Seasonal spreads

Discussion in 'Journals' started by hrokling, Apr 23, 2007.

  1. Some thoughts:

    -- I suspect that this kind of trading is prone to large losses. It is probably a good thing to use relatively modest stops, based on either the required margin or historical profit for the trade. Or at least, have 2 trades on, and close out one of them at a modest stoploss, to reduce exposure to large losses.

    -- you are hammered multiple times with losses greater than $2000, which wipes out a lot of the small profits you realized. I am not saying to use a $50 stop, but the point of using spreads is to have limited risk. However, you are banking the kind of losses people get with outright positions.

    -- And stops need to be placed ahead of time, not "mental stops." As you mentioned, you got distracted. You need some kind of GTC positions to get you out when things get bloody.

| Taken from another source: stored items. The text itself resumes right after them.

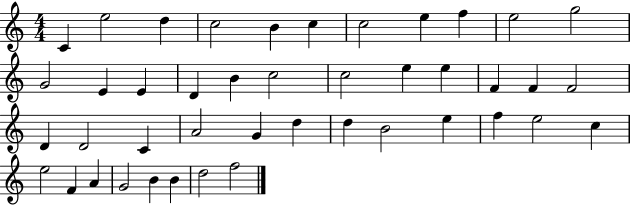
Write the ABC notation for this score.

X:1
T:Untitled
M:4/4
L:1/4
K:C
C e2 d c2 B c c2 e f e2 g2 G2 E E D B c2 c2 e e F F F2 D D2 C A2 G d d B2 e f e2 c e2 F A G2 B B d2 f2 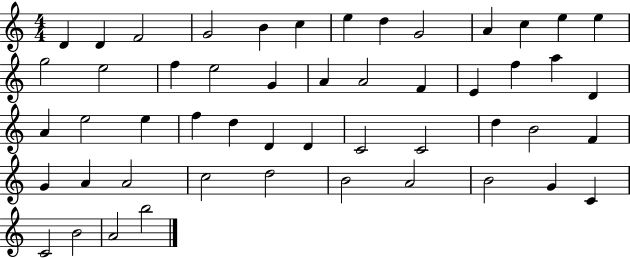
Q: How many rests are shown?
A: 0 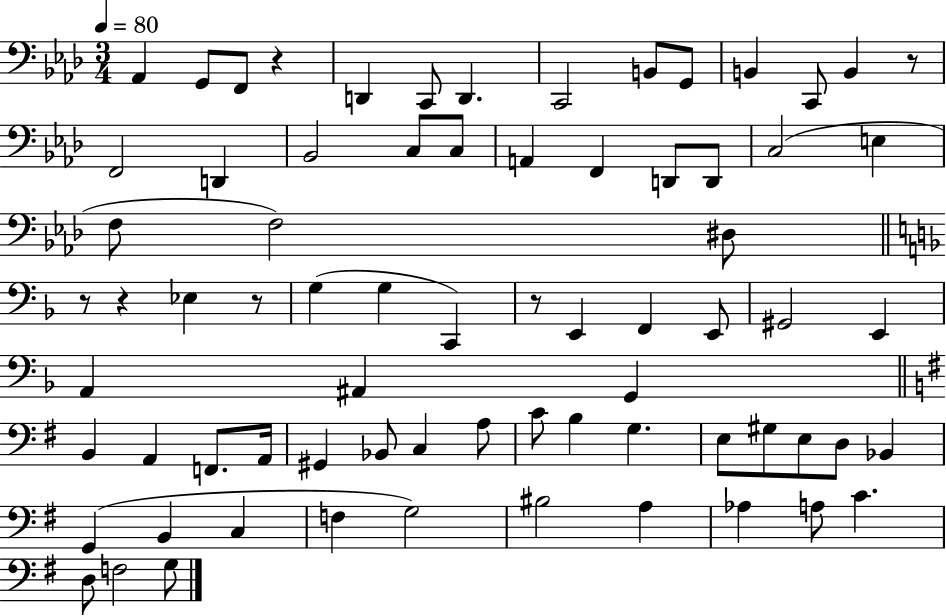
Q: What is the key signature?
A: AES major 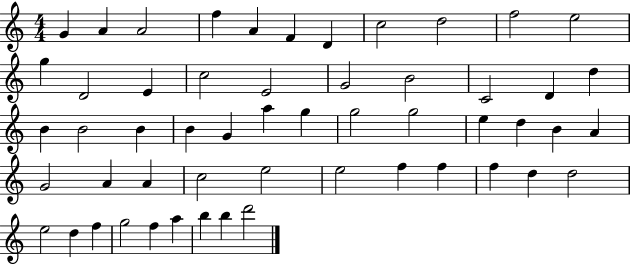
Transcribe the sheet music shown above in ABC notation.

X:1
T:Untitled
M:4/4
L:1/4
K:C
G A A2 f A F D c2 d2 f2 e2 g D2 E c2 E2 G2 B2 C2 D d B B2 B B G a g g2 g2 e d B A G2 A A c2 e2 e2 f f f d d2 e2 d f g2 f a b b d'2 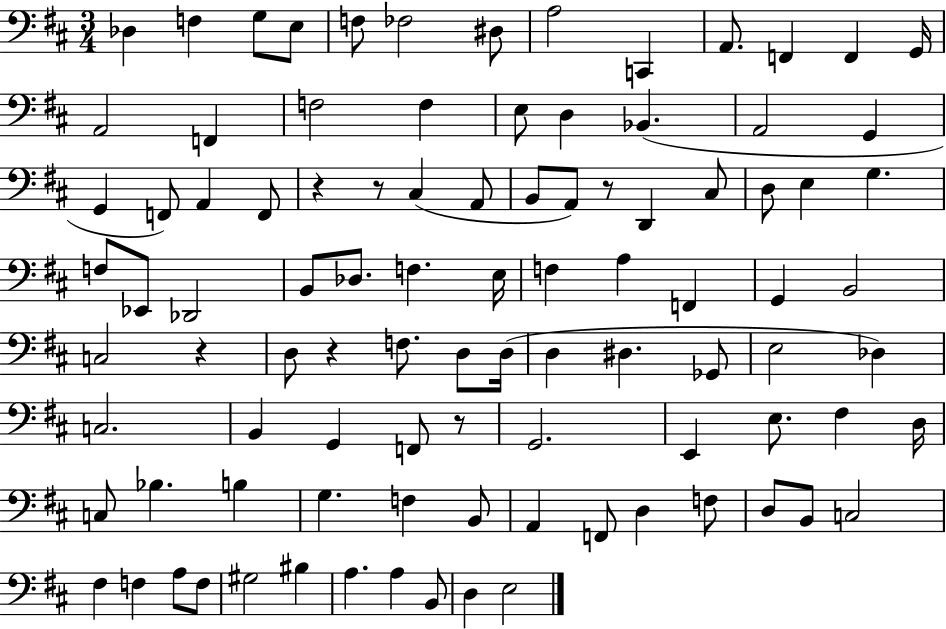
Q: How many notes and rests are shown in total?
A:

    -- It might would make sense to have a large profit target. Based on my recollection of MRCI, they have a tendency to show a large profit, and then have it quickly turn into a loss. Positional trading in volatile markets like this past couple of years requires a lot of discipline. Having a $5000 profit turn into a $5000 loss can ruin position trading. You don't want small profit targets, but letting large profits get away can kill you in the end.

    -- You are not showing your maximum favorable excursion (MFE) and maximum adverse excursion (MAE) for your trades. Without knowing the best and worst each trade was during its life, it is hard to analyze how money management may have helped/harmed your trades. I agree, blindly getting in and out on the dates is probably not the best.

    I would be curious to know how your objective of overbought and oversold functioned. I am not much of a TA person, but you listed a goal, and did no analysis to see how it performed...

    I am also curious, that given your Performance on this, what other types of trading you mentioned are more intesting. This experiment seemed to be a reasonably good use of capital...
     
    #381     Jul 29, 2009
  2. TraderZones, thanks for taking the time and for interesting questions.

    Yes, exactly. That's what I've been using. I think earlier I did at least outline the thinking of my stoploss, if not the whole formula.

    I'm comfortable with this type of swings in equity, as I know it pays off IF you have positive expectancy (of which I'm now convinced seasonal spreading offers, although I didn't know so at the start of the campaign). The small profits or losses are not that important in my opinion, they're seasonality that just didn't work out as they have in the past. The profit targets were not really that small.

    I agree, if it was possible. However, this isn't (wasn't?) reliable with IB - and definitely not possible for spreads where you had to manually leg in. Of course if you use a floor broker, it's different. I always left GTC limits for entry and exit when it was exchange traded spreads (grains, eurodollars etc).

    I agree, that's also my experience. I had very large profit targets in fact, but also experimented with two targets. And yes, the spread movement can turn on a dime - there's a spike and then a turnaround. I've especially seen this in energies with RB and HO.

    I agree that MFE and MAE is very important. I have these calculations in my spreadsheet, I've deliberately only shown the P&L with the entries and exits here - but I stopped calculating this in Sep 07 as it was pretty time consuming and something I did from time to time, not continously.

    Ok, that is a super question. I don't know if you've read the whole thread, but I have a long background from mainly equities. I found my experience very helpful when I stepped foot in the commodities markets of which I was a complete and utter rookie. I think at times a simple moving average can be helpful, and isn't it Joe Ross who uses stochastics a lot? Anyway, I think TA in this context is more of a tool than a complete solution, and you really need to apply some discretion. And when the window of opportunity for a spread starts to creep up, you start to follow that spread more carefully and "notice" whether it's starting to break out to the upside. An additional idea could be a simple Donchian channel, used by trend followers.

    Other People's Money can often be far more lucrative if there's enough of it... But from Feb 08 to last fall I had to step away from the markets for family reasons, and the final part of the year was so part-time that I could only scalp.

    As for pursuing this, what I really want to do with it is to expand the number of spreads and work a lot more on the research side of it. There is so much more to it - meats and additional grain spreads are probably where I'll start looking. The benefits of havin even more spreads to diversify on are obvious, like you also touched upon with the large losses. I'll also add that the capital used here was so small that the position sizing ended up a bit imprecise.

    Another thought on capital would be how much size you can do. Thankfully, more and more commodities are getting active electronic trading. But a market like Oats, there are limits to how large a position you can do unless you go to the floor brokers (which is possible of course).